You can always use something like py["__new__"] = myNew for these (rare) cases. That said, identifiers are case preserving. If it happens to be a valid Nimrod identifier you should be lucky. So your JSON examples should all work.
That said, I'm not that happy with --cs:partial. I'd like to further distinguish FULLCAPS from fullcaps for better C interop. (And I really want --cs:none when hacking debugging code into the compiler or working in a REPL. ;-) )
OK. Is this likely to remain a compiler option, or will there eventually be a per-module case-sensitivity pragma, so I can write a library that uses case-sensitivity internally [1] that you can use from your case-insensitive REPL?
[1] e.g. some algorithm written with "λ_n ∈ {λ_0..λ_N}" notation.
I want to add something to this. I've always enjoyed Nimrod's style-agnostic "code your way" approach to case sensitivity and underscores.. however I had to move my project to --cs:partial awhile ago (and I'm very glad that's now an option) due to name conflicts between types & getters... for example:
type
Shader* = ref object
...
Material* = ref object
shader: Shader # private member
...
proc shader*(m:Material): Shader = m.shader # public getter
Without --cs:partial the getter and Shader type collide. However, while partial case-sensitivity works well to avoid these conflicts, I would actually prefer a better system of avoiding this and not need to rely on it (though I'll always keep my code very case consistent for potential use with it).
A simple solution to basic getters is something Araq has mentioned before as a potential future feature: + for "readonly" exposure. eg:
type
Material* = ref object
id*: GLint # public member
shader+: Shader # readonly member
...
However, that doesn't work well if you want anything more complex behind a getter (although I think the feature would be very convenient, and should be eventually added for that sake alone). What seems like the best solution here is to allow types and procs to share the same name, and choose "logical defaults" for what is chosen when, with more explicit distinction for the potential conflict areas such as object constructors. eg:
type Foo = ...
proc foo: Foo = ...
var a: Foo # uses type
var b: foo() # calls proc (if it returns a typedesc)
var c = foo() # calls proc
var d = Foo(:) # calls type constructor
Although I don't know if that syntax is good, and might be a bit confusing if there was a lot of symbols with the same names floating around. IDK exactly, these are just thoughts I'm throwing out there. Perhaps instead of allowing types/procs to share names, there could just be a better "getter" syntax which avoids these conflicts?
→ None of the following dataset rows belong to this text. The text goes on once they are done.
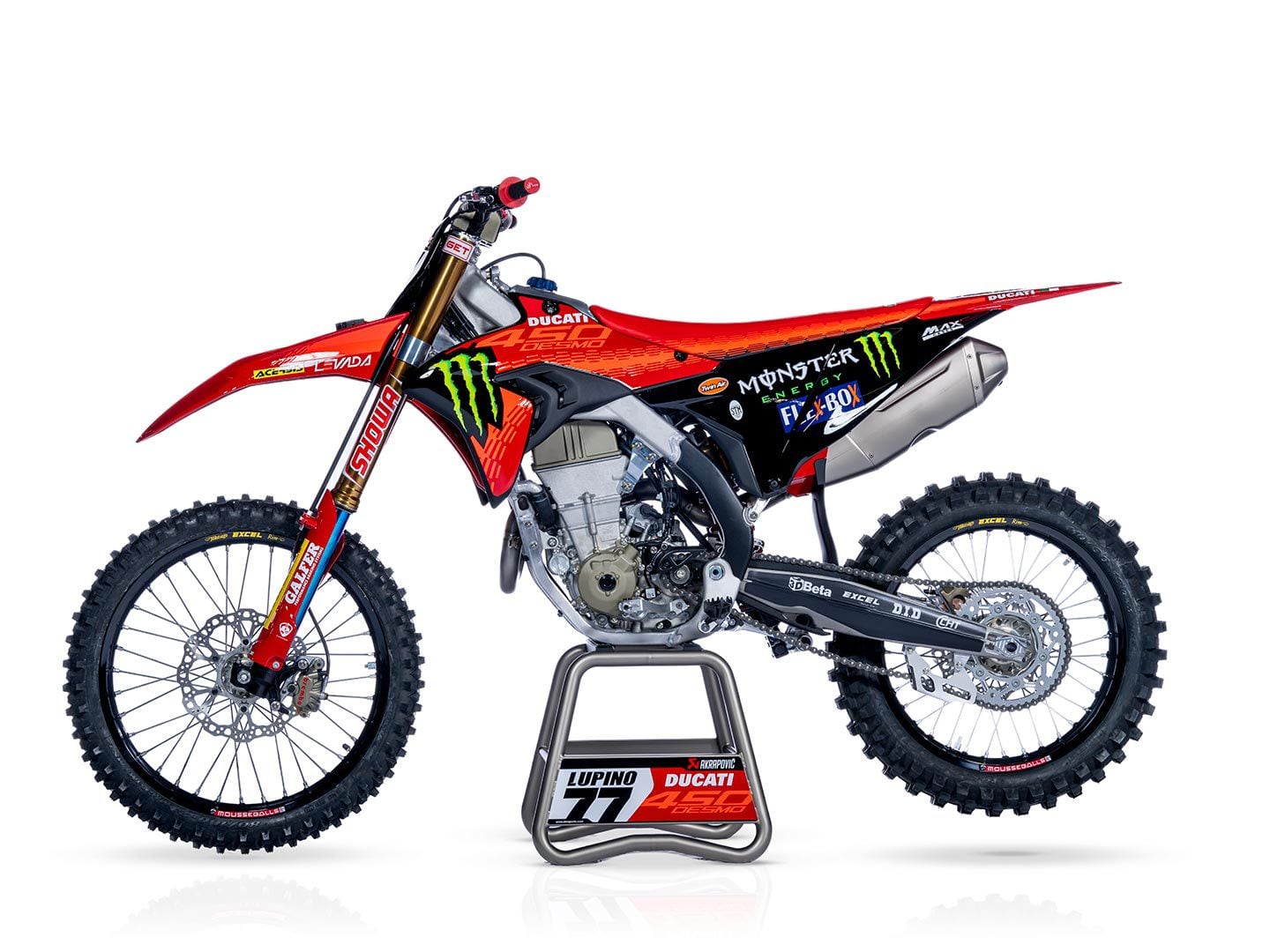 While it is still considered a prototype, the Desmo450 MX looks production-ready.
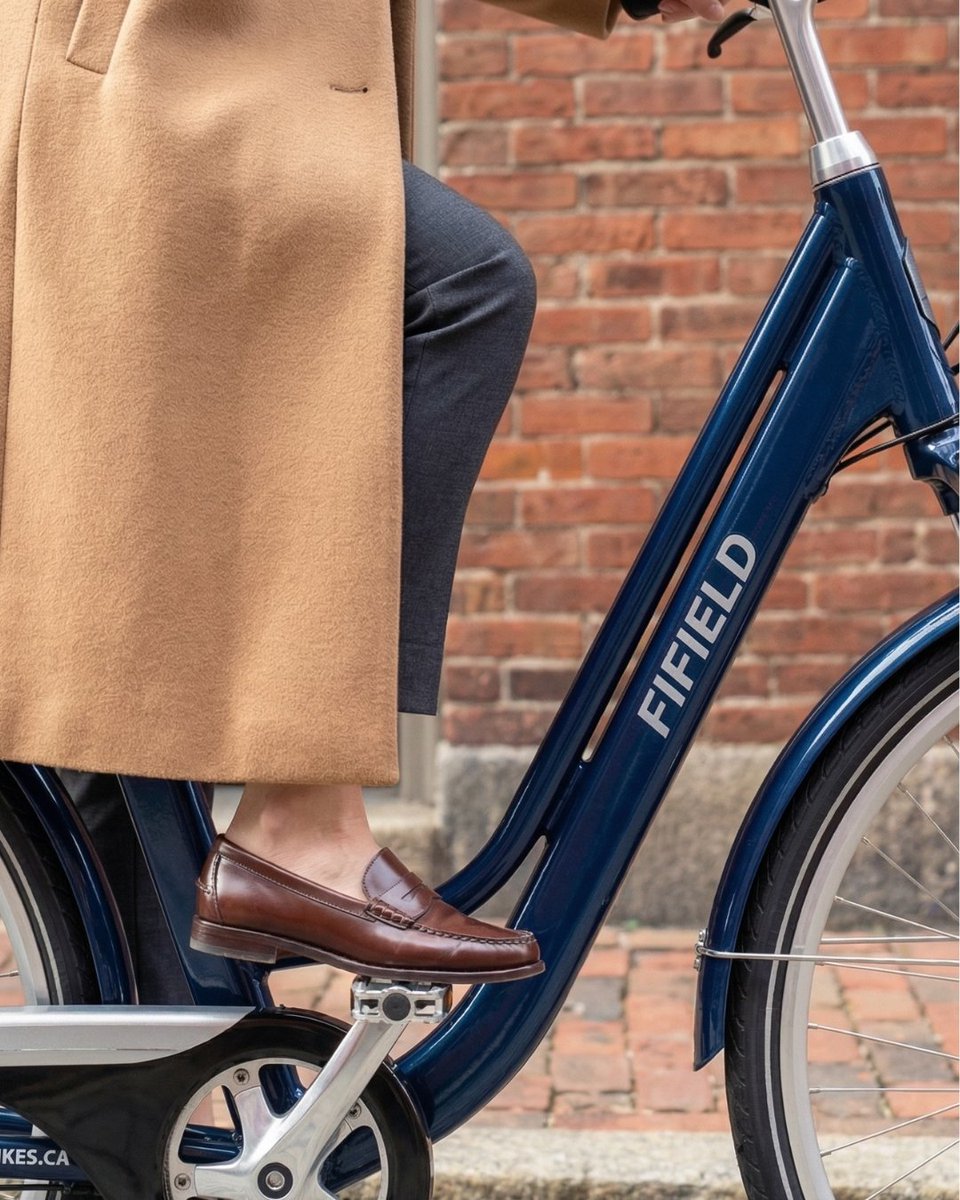 FifieldBikes's tweet image. Atlantic Navy 🤝 Camel Cashmere. The Seaside 3.0 is proof that your commute can actually be the best part of your outfit. Elegant, intuitive, and built for the Boston streets. 🚲🏙️ #FifieldStyle #EbikeStyle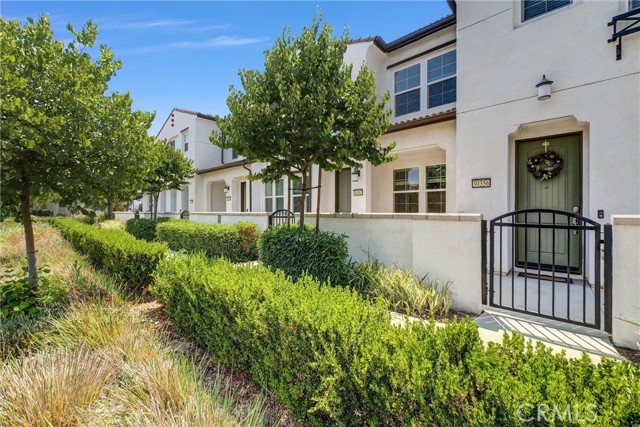 Detail Gallery Image 2 of 33 For 30362 Skytown Way, Menifee,  CA 92584 - 2 Beds | 2/1 Baths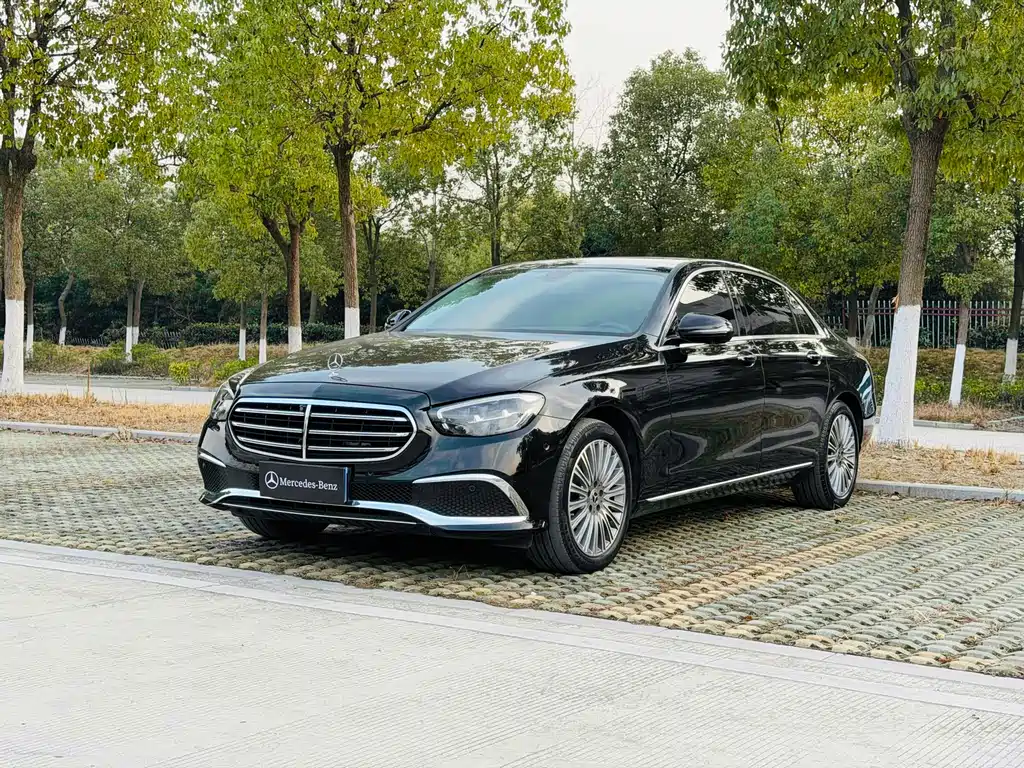 Mercedes-Benz E-Class 2023
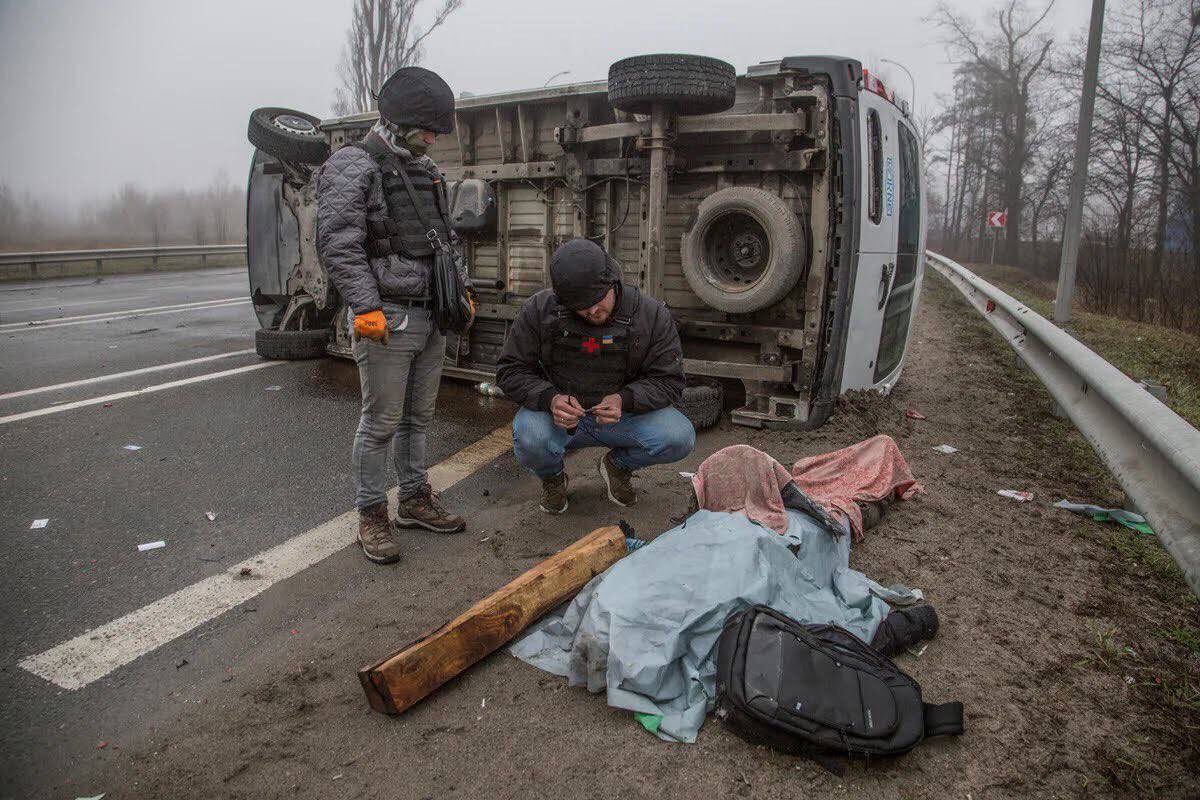 Bucha, il racconto del fotoreporter: "Non ho mai visto così tanti morti, orrore infinito"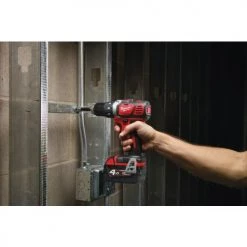 Perceuse-visseuse 18V Milwaukee M18 BDD-0 compacte (sans batterie ni chargeur) en boite en carton - 4933443530 -Perceuse Soldes Magasin AFD 178864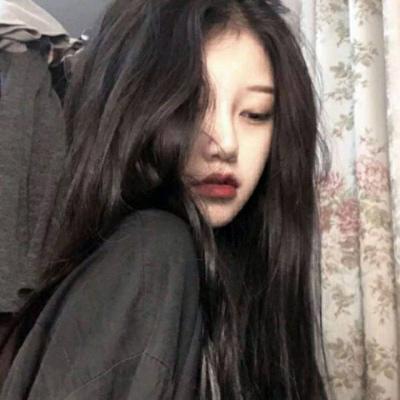  伤感美女头像微信图片,在艰苦的遭遇里百折不挠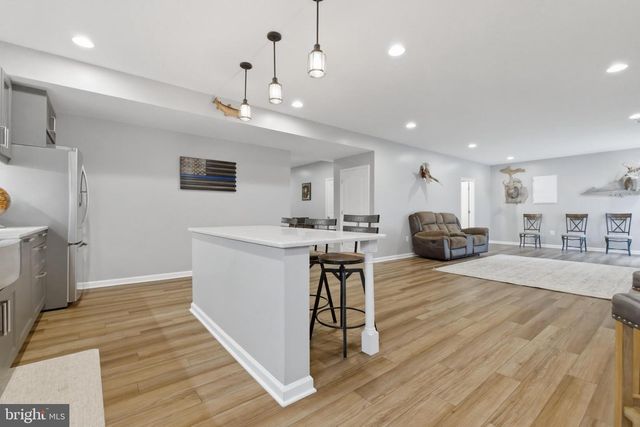 6324 VINT HILL RD, Warrenton, VA 20187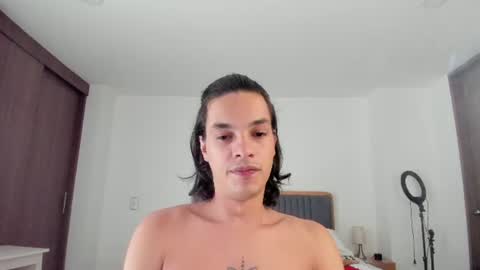 b0yberry online show from August 6, 2026, 10:00 pm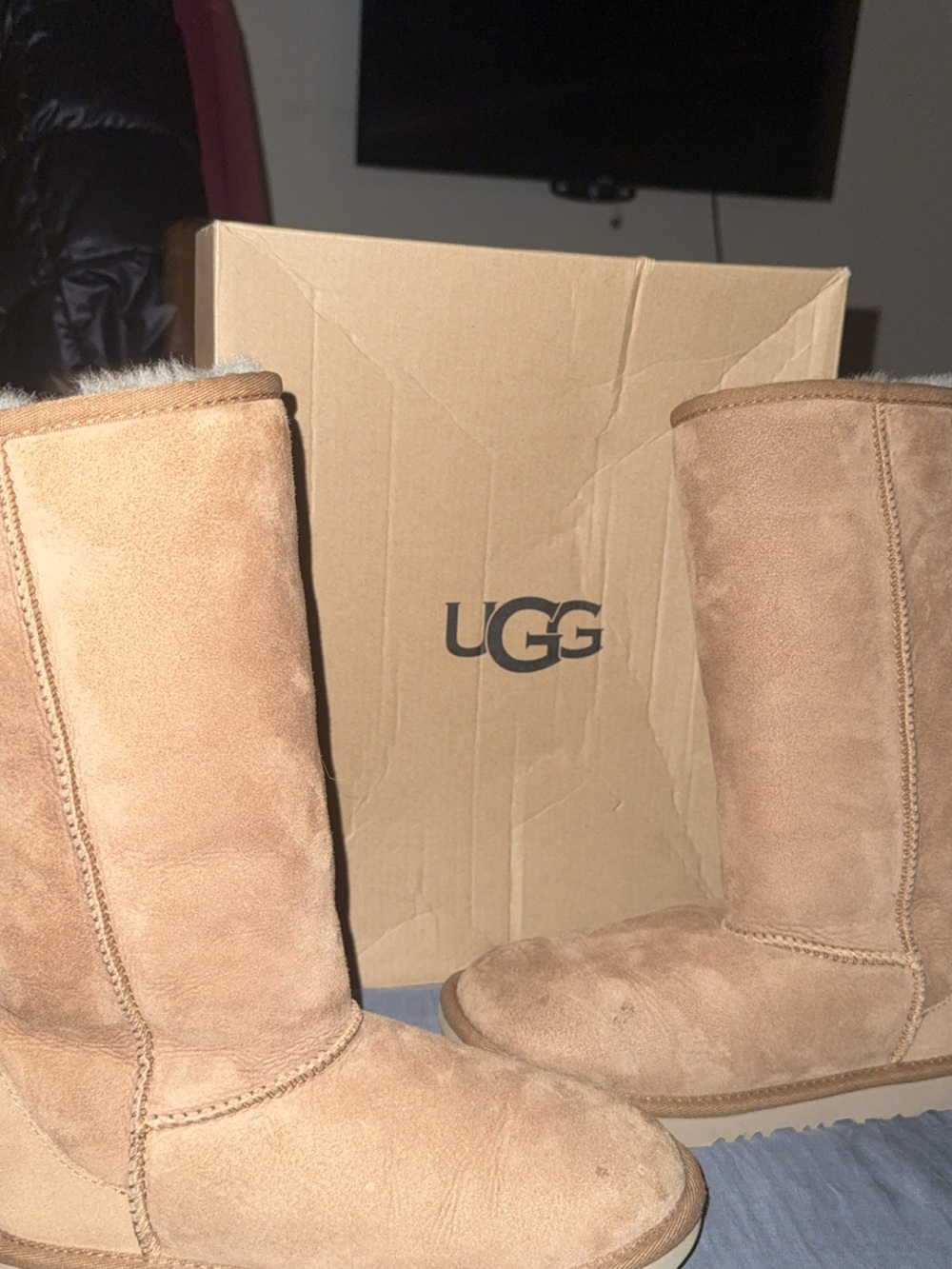 UGG Kids Chestnut Tan Classic Shearling Boots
[EDIT] err... well I feel kinda silly since it looks like using backtics proc `.shader`*(m:Material)... syntax seems to avoid the name conflicts. However, whenever I try to actually use the getter, i get Error: conversion from Material to Shader is invalid, so there's still a conflict somewhere, but perhaps this is a symbol resolution bug?
That's not really the problem. It's not a name conflict between a member and a proc, but between a proc and a type within the same module. I could use Hungarian notation on either the proc or type (getShader or TShader) but at that point I would much rather just use --cs:parital.
Also the error from my [EDIT] was a false report. It doesn't avoid the type/proc name conflict even with backticks.
Opinions?
Well it allows for lambdaN vs lambdan for math people and allows FOOBAR for fewer name conflicts in C wrappers (though this happens rarely). But yeah, the current rule is much simpler.
In fact I think it's pretty much perfect as-is and would even argue for it eventually becoming default with --cs:none being the opt-in.
--cs:partial will be the default soon. Somebody needs to nimrod pretty all the Babel packages... ;-)
it allows for lambdaN vs lambdan for math people
Well on second thought these rules aren't too bad. Underscores would just be considered an alternative to capitalization, which is easy to explain..
In ALL_CAPS identifiers the underscores are ignored ... For multiple upper-cased letters only the first stays...
This is the confusing part I think. Since ALL_CAPS are really only useful for C-wrappers (and, as you say, rare) perhaps if this wasn't part of the change I wouldn't personally mind the change (considering it allows for fooBar/foobar distinction).
--cs:partial will be the default soon
Awesome :)
For multiple upper-cased letters only the first stays
er... i guess without this change as well it would be almost identical to --cs:full huh. So maybe leave this in but not the ALLCAPS rule (as it's a bit confusing when caps are handled differently)?
foobar -> foobar
fooBar -> fooBar
foo_bar -> fooBar
fooBAR -> fooBar
FOO_BAR -> FooBar
Though that doesn't seem much easier to learn than your original proposal. IDK, if I'm just being over-sensitive to rule complexity here. Maybe other's will like your original idea just fine. But I would get a lot of feedback on this idea before changing anything, especially if this is designed to become default. Last thing you want is new users getting hung-up on complex symbol rules who's only benefit (at-a-glance) might appear to be allowing for optional underscores.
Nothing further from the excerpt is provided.